• What you will do:
You are asked to reproduce the listing exactly and to omit its pictures.

_ _ _ _ _

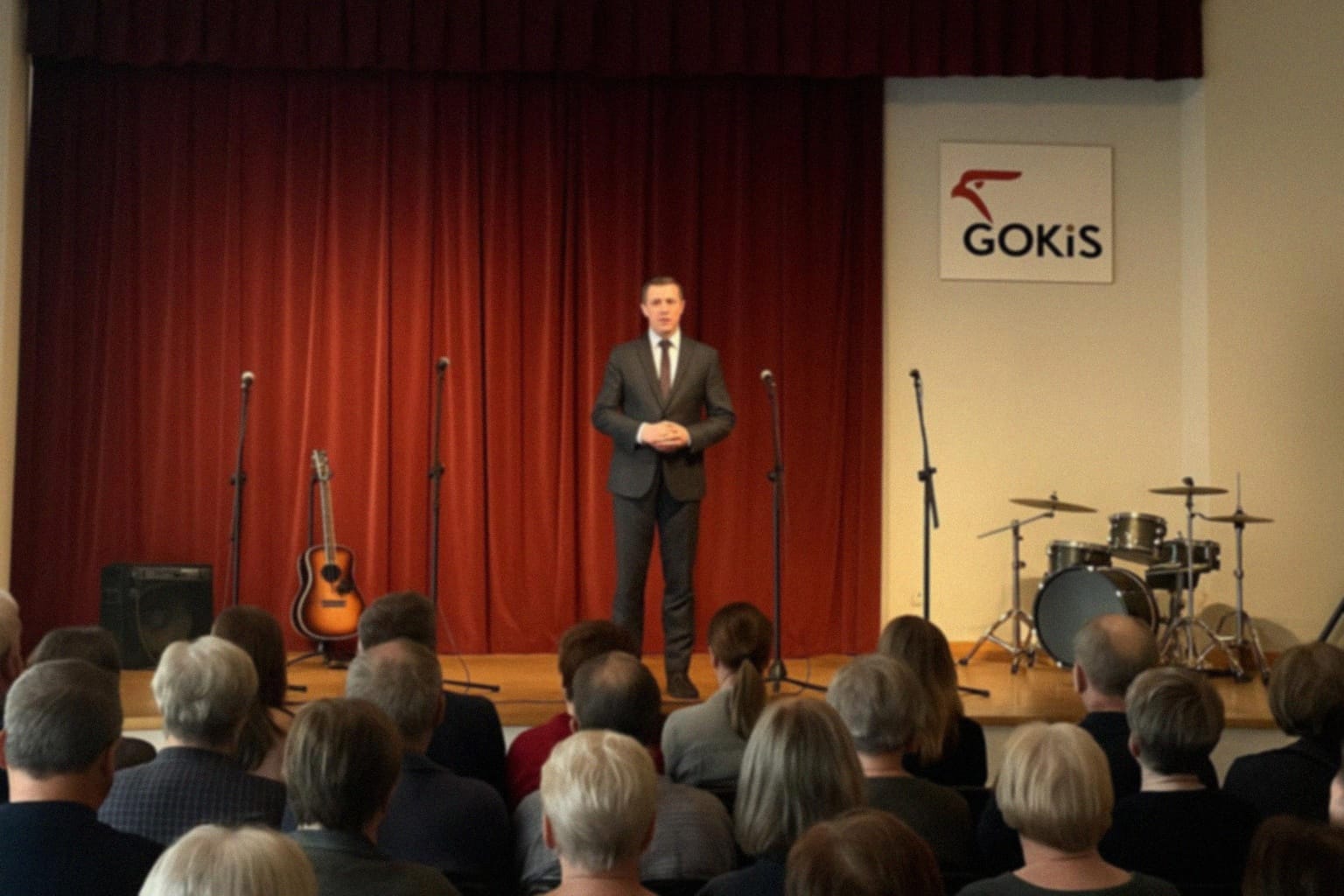 Nabór Uzupełniający do Kół w Szubińskim Domu Kultury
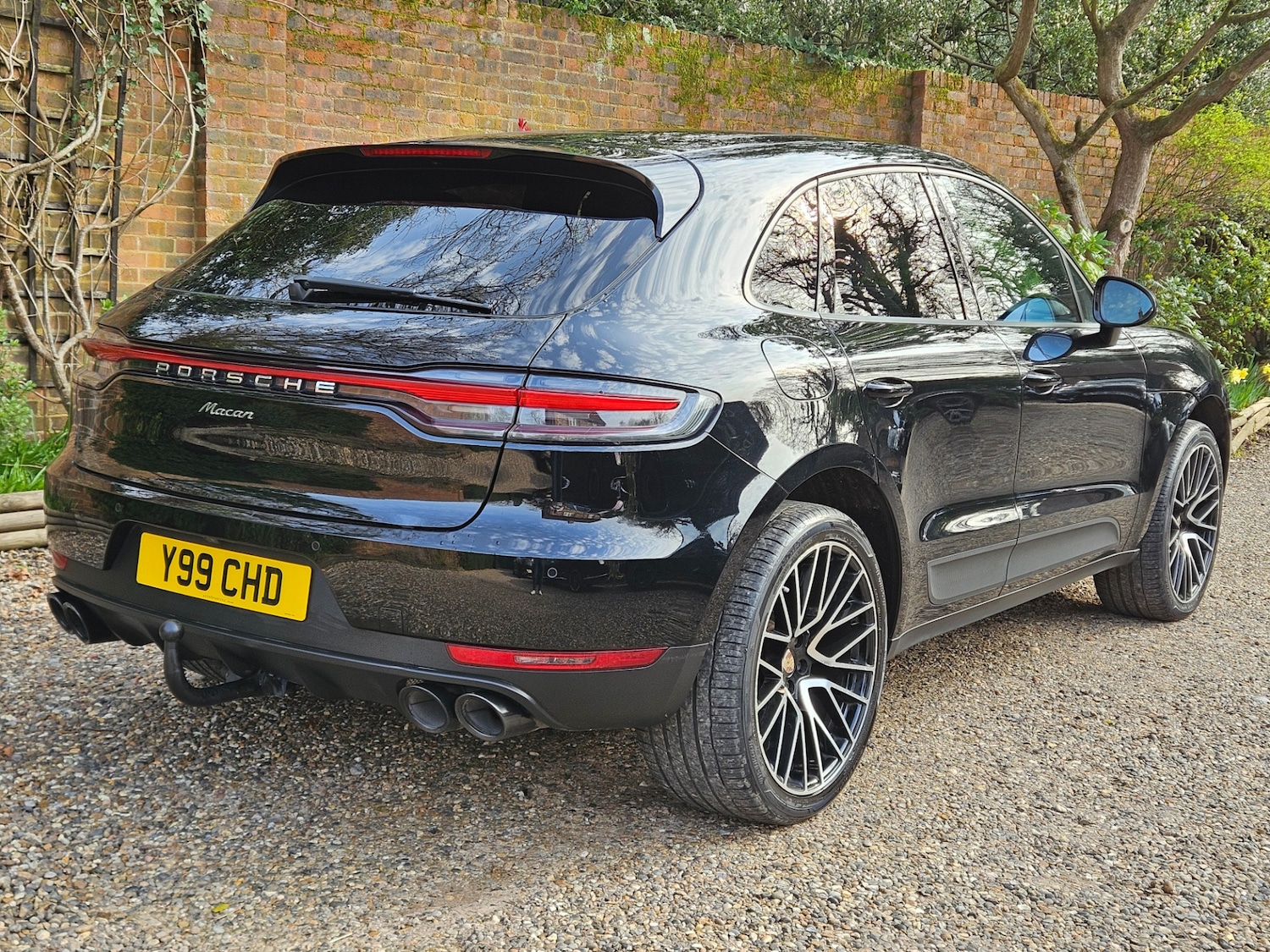 Used Porsche Macan 2020 for sale - 77964913: Photo 16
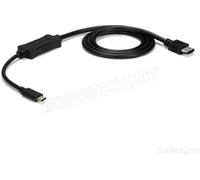 ST USB3C2ESAT3 - Câble adaptateur USB C vers eSATA, 1 m
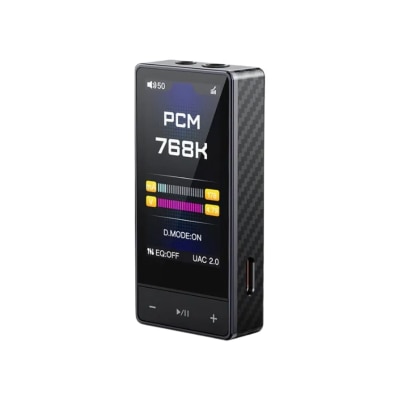 FiiO QX13 Portable Headphone Amplifier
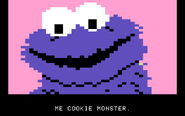 Cookie Monster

_ _ _ _ _

• Expected output:
 Nabór Uzupełniający do Kół w Szubińskim Domu Kultury
 Used Porsche Macan 2020 for sale - 77964913: Photo 16
 ST USB3C2ESAT3 - Câble adaptateur USB C vers eSATA, 1 m
 FiiO QX13 Portable Headphone Amplifier
 Cookie Monster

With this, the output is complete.